The steel mills has been dysfunctional since June 2015 due to disconnection of gas. PSM's liabilities and losses are around Rs 600 billion (Rs 290 billion liabilities and Rs 300 billion losses). Sui Southern Gas Company Limited (SSGCL) has refused to waive the Late Payment Surcharge (LPS).

The Board of Directors (BoD) of PSM is also ineffective since long as the Chairman of the Board has gone back to the United States and has no intention tof coming back anytime soon.

This correspondent inquired whether he has resigned as Chairman PSM Board, and he replied " I have not decided yet".

On September 2, 2020, he said that as progress on restructuring and privatisation was too slow he decided to leave the country. However, he participates in the meetings through video link.

The sources said, the Board of Ministry of Privatisation will meet on Wednesday to discuss and approve the transaction structure of PSM, recommended by the Financial Advisors (FAs).

It is not clear if the Privatisation Commission has sought approval from the PSM Board on the proposed transaction structure of the loss making entity as the Board was not ready to become involved in the transaction due to NAB factor. "Financial Advisors have recommended two different models of PSM's privatisation, one of which is establishment of a Special Purpose Vehicle (SPV) with liabilities and losses of PSM to be transferred to the proposed company to clean the books of PSM," the sources said, adding that most probably this transaction structure would be approved by the Board.
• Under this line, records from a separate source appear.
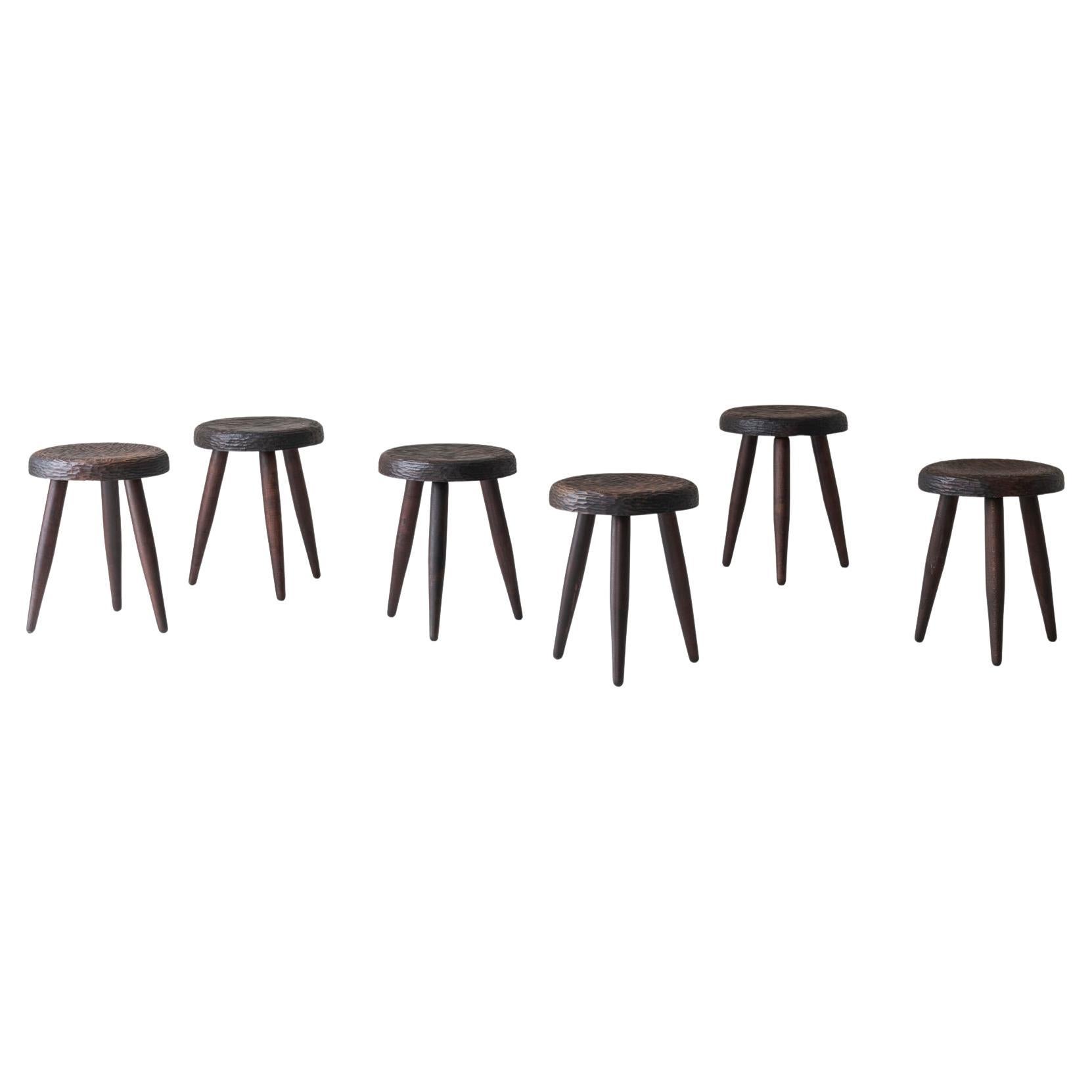 Set of 6 stools in the manner of Charlotte Perriand, France 1960s.
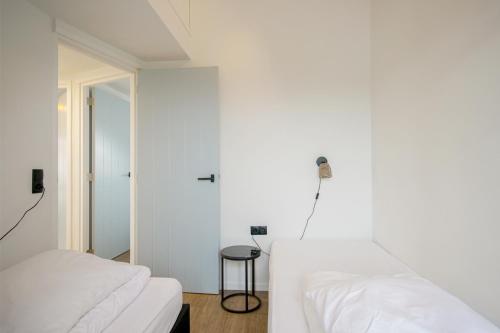Postel nebo postele na pokoji v ubytování De Duintuin - In de duinen! - Groote Keeten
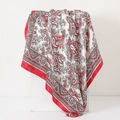 90cm satin scarf with red and white paisley print displayed on a white pedestal - Paisley Red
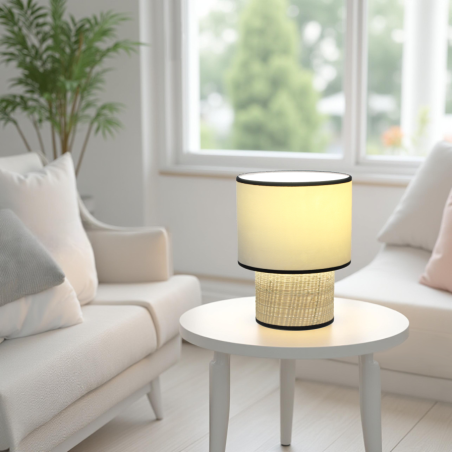 Lampe à poser en velours écru, beige et rotin naturel sur une petite table de salon. Intérieur blanc épurée et moderne.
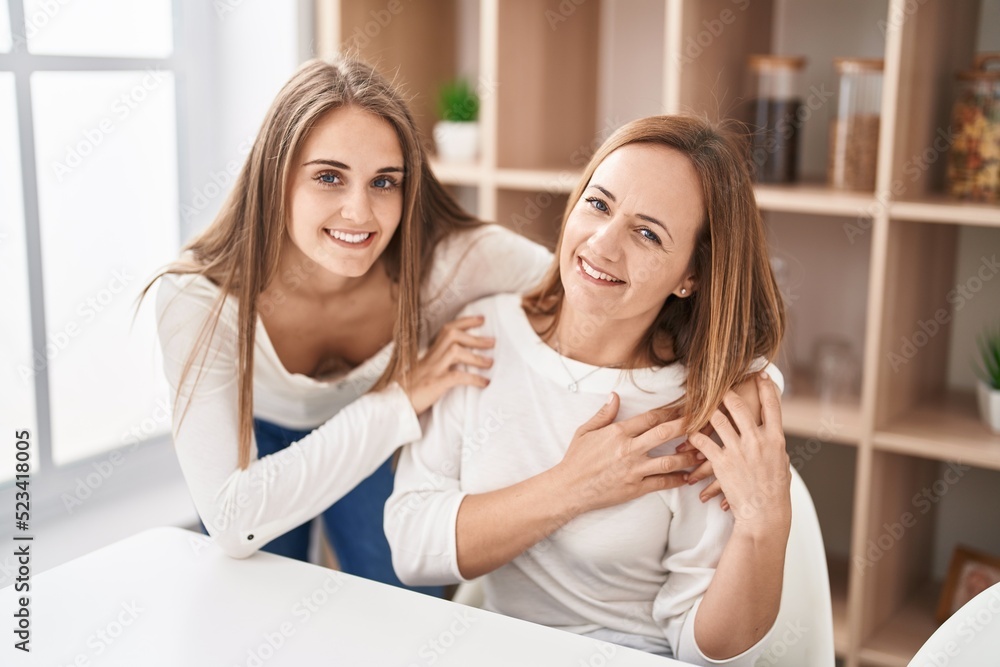 Two women mother and daughter hugging each other at home Two women mother and daughter hugging each other at home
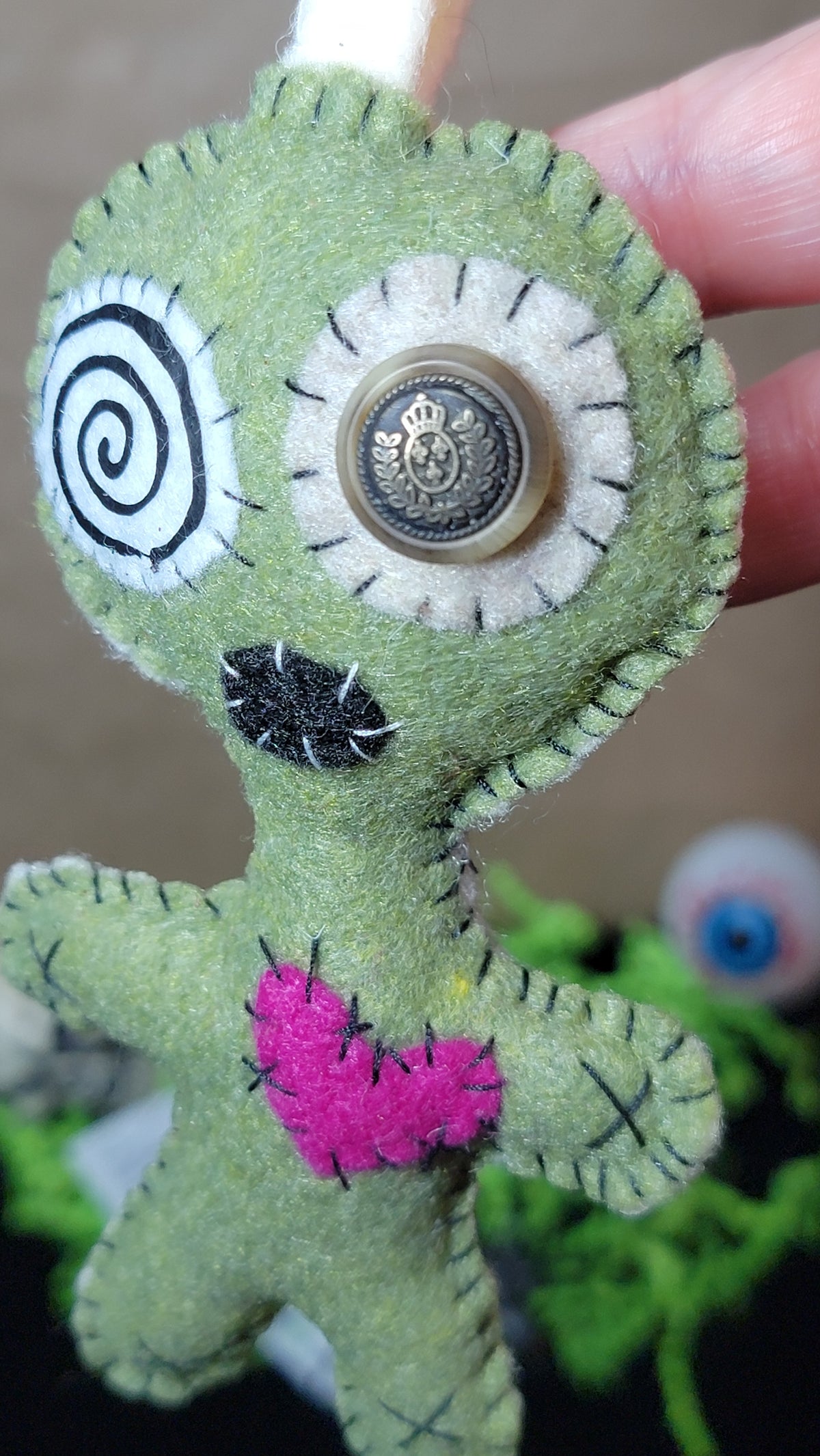 Olive green Mini Button-Eyed Stitchling felt plush keychain with metal keyring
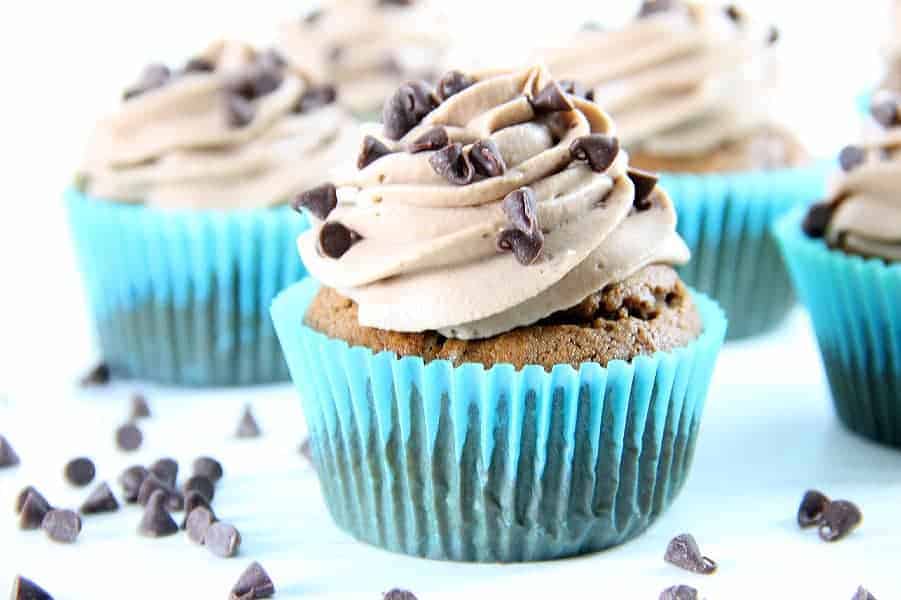 These Double Chocolate Cupcakes are filled with bits of chocolate on the inside and topped with a creamy chocolate frosting! Double Chocolate Cupcakes in blue liners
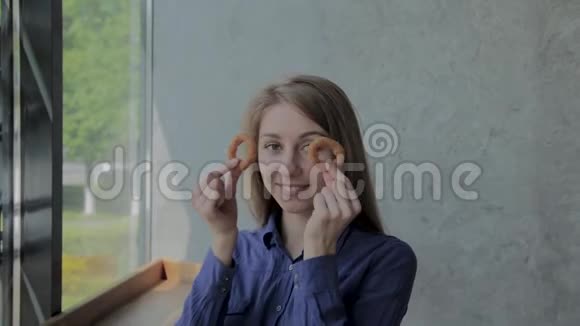 女孩带着洋葱圈到她的脸上在一家快餐店微笑视频的预览图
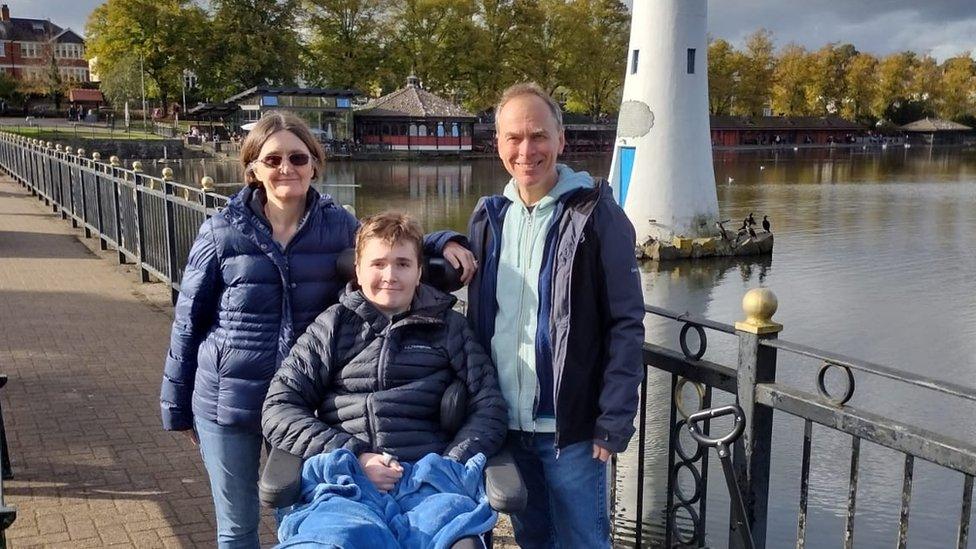 James, with his parents Alun and Janice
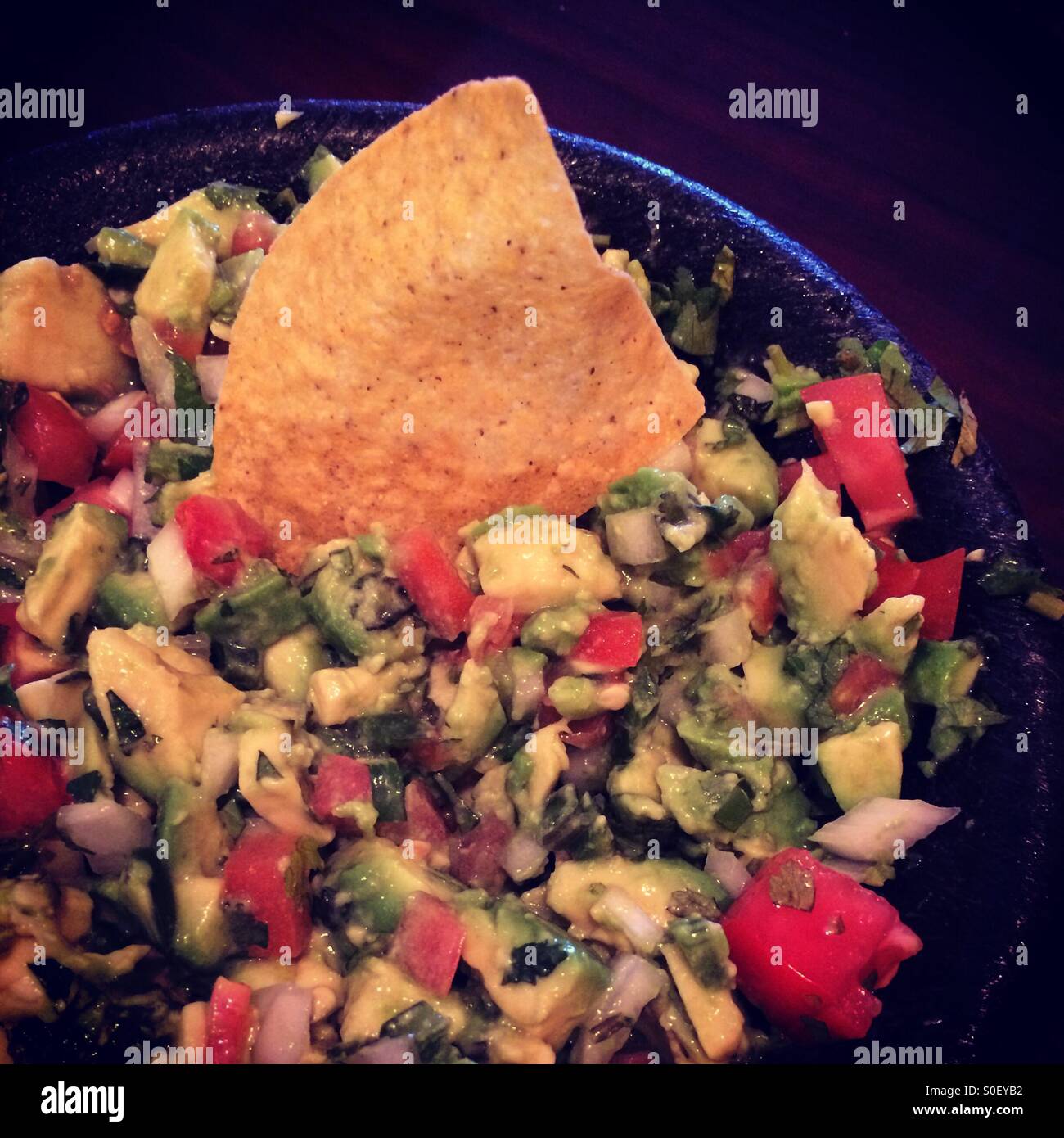 A bowl of guacamole with Chip. Stock Photo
According to media reports the investor could be offered 51 per cent to 75 per cent share in the new subsidiary. The core operating assets will be carved out, excluding the land. About 7 per cent of the total land or 1,268 acres of land will be leased out to the subsidiary for use of PSM. The remaining land value of over Rs 310 billion will remain with the PSM Corporation.

The sources said, due to poor financial condition of PSM, the government has been paying net monthly salaries to the employees since 2013. PSM stopped its commercial operations in June 2015 without formulating any human resource plan for its 14,753 employees. The number of PSM employees declined to 9,350 in 2019. Presently, the per month net salary bill of PSM employees is approximately Rs 350 million, adjusted as loan in the financial accounts of PSM. Since 2013, an aggregate loan of Rs 34 billion has been extended to PSM by the Government of Pakistan on account of net salary payment.

Insiders claim that the newly appointed Chief Executive Officer (CEO) of PSM is not interested in revival of the PSM and is just spending his time in routine matters. However, other officials recently hired by the Ministry are allegedly involved in some suspicious activities in the mills. One of the officials who deals with security affairs of the mills is also reportedly an employee of a hotel in Islamabad.